INPUT DATA:

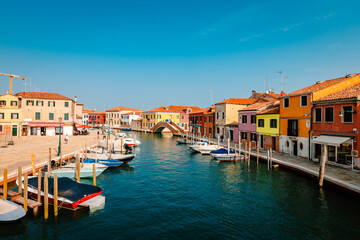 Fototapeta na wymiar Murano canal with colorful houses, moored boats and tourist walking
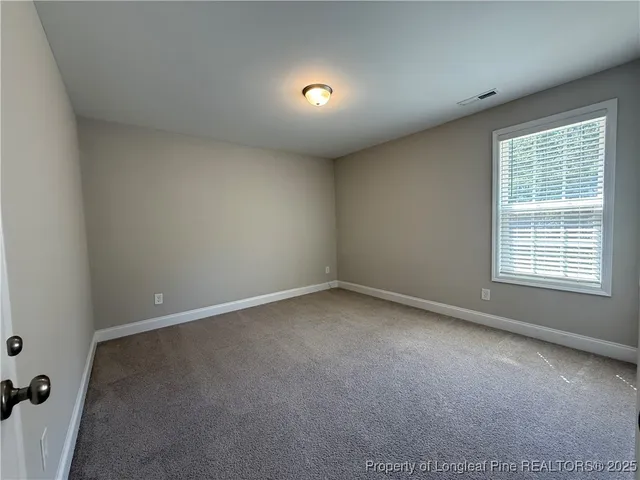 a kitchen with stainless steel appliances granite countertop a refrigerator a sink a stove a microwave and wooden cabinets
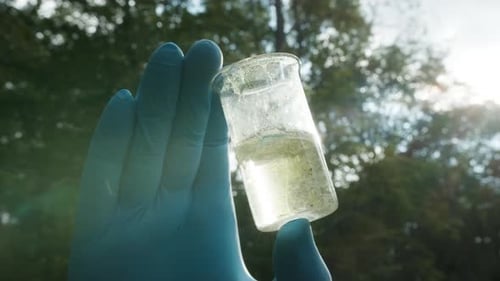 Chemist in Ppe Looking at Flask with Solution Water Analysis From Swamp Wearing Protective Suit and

TASK REQUIREMENTS: Exactly as written above, print every line of the data but not its pictures.

ANSWER TO THIS EXERCISE:
 Fototapeta na wymiar Murano canal with colorful houses, moored boats and tourist walking
 a kitchen with stainless steel appliances granite countertop a refrigerator a sink a stove a microwave and wooden cabinets
 Chemist in Ppe Looking at Flask with Solution Water Analysis From Swamp Wearing Protective Suit and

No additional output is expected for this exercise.